Extracted data entries:
————————

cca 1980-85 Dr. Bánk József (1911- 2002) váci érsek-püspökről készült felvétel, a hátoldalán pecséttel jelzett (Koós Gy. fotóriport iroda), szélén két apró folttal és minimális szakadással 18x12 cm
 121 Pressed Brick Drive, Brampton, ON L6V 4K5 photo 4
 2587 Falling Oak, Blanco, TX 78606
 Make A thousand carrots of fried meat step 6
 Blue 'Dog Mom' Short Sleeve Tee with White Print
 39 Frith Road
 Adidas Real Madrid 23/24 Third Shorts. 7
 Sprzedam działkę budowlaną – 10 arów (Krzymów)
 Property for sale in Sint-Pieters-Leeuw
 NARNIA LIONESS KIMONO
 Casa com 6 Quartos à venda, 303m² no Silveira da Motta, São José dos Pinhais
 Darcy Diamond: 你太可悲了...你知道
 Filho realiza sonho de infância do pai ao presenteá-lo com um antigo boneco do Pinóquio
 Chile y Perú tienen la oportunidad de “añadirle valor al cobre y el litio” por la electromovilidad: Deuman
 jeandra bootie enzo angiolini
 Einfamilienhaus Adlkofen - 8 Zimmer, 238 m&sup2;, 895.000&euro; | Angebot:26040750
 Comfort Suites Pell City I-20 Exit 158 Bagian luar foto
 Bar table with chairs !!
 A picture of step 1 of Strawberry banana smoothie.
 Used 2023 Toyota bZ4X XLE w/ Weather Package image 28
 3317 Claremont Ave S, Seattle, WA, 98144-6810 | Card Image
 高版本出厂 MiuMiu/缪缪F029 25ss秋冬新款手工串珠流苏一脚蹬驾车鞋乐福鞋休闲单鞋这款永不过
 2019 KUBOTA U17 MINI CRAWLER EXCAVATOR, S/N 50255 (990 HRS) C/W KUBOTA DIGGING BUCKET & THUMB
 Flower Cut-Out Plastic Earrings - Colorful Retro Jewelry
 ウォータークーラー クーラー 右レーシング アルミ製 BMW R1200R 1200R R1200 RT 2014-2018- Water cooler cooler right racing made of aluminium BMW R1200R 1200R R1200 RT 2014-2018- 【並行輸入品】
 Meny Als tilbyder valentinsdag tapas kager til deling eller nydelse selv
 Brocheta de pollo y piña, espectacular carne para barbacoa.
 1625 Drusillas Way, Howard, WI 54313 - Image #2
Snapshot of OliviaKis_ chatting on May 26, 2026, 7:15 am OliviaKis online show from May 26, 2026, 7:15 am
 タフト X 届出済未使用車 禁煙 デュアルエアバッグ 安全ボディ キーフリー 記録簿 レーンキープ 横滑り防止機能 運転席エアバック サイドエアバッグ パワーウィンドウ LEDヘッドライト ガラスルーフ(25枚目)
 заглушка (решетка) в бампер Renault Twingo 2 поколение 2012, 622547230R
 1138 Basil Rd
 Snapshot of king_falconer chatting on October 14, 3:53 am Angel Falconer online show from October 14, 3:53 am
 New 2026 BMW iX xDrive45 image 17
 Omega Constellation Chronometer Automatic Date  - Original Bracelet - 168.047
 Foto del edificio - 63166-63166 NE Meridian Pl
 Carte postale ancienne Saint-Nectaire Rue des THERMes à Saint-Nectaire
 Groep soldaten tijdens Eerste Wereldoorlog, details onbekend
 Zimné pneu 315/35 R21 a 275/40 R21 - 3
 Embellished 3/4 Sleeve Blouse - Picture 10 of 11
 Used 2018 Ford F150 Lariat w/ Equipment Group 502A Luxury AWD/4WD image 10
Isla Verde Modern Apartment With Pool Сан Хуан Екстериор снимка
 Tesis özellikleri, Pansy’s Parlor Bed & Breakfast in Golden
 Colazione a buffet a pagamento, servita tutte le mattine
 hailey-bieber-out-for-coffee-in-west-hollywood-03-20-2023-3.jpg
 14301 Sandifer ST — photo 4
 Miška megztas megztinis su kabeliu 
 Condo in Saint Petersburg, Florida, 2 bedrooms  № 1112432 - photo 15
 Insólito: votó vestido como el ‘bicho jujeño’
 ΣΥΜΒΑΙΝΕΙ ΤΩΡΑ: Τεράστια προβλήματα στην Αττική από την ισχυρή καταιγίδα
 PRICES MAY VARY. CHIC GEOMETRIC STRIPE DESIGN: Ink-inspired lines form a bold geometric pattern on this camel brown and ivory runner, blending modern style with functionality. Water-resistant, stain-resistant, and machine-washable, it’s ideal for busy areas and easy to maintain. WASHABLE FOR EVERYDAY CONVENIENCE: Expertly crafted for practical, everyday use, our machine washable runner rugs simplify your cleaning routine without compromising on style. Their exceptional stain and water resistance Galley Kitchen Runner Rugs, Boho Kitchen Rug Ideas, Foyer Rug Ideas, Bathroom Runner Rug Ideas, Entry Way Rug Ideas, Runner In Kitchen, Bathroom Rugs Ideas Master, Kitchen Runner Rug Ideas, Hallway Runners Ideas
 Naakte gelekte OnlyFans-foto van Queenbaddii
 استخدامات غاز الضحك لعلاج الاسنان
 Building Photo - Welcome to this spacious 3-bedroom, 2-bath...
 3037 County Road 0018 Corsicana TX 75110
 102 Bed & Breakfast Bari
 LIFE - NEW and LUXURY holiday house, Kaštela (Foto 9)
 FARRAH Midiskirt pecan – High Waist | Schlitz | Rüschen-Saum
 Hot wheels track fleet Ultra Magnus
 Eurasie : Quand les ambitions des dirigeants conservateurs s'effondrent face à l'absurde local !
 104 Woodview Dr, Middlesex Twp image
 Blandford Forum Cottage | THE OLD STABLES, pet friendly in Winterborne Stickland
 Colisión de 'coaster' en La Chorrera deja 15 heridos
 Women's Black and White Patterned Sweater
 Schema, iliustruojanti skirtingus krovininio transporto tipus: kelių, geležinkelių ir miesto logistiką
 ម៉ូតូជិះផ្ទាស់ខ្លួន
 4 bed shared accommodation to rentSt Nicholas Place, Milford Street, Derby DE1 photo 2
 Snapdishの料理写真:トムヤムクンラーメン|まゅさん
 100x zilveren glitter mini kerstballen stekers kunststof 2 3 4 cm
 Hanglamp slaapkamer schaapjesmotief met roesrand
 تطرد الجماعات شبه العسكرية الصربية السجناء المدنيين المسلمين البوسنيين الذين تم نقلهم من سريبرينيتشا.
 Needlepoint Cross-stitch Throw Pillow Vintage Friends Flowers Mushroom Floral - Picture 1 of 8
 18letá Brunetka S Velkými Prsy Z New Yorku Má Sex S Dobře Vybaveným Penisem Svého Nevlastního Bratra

————————

WORK INSTRUCTION: In the records above, some lines may contain the word "chatting"; copy every one of them.

RESULT OF THIS EXERCISE:
Snapshot of OliviaKis_ chatting on May 26, 2026, 7:15 am OliviaKis online show from May 26, 2026, 7:15 am
 Snapshot of king_falconer chatting on October 14, 3:53 am Angel Falconer online show from October 14, 3:53 am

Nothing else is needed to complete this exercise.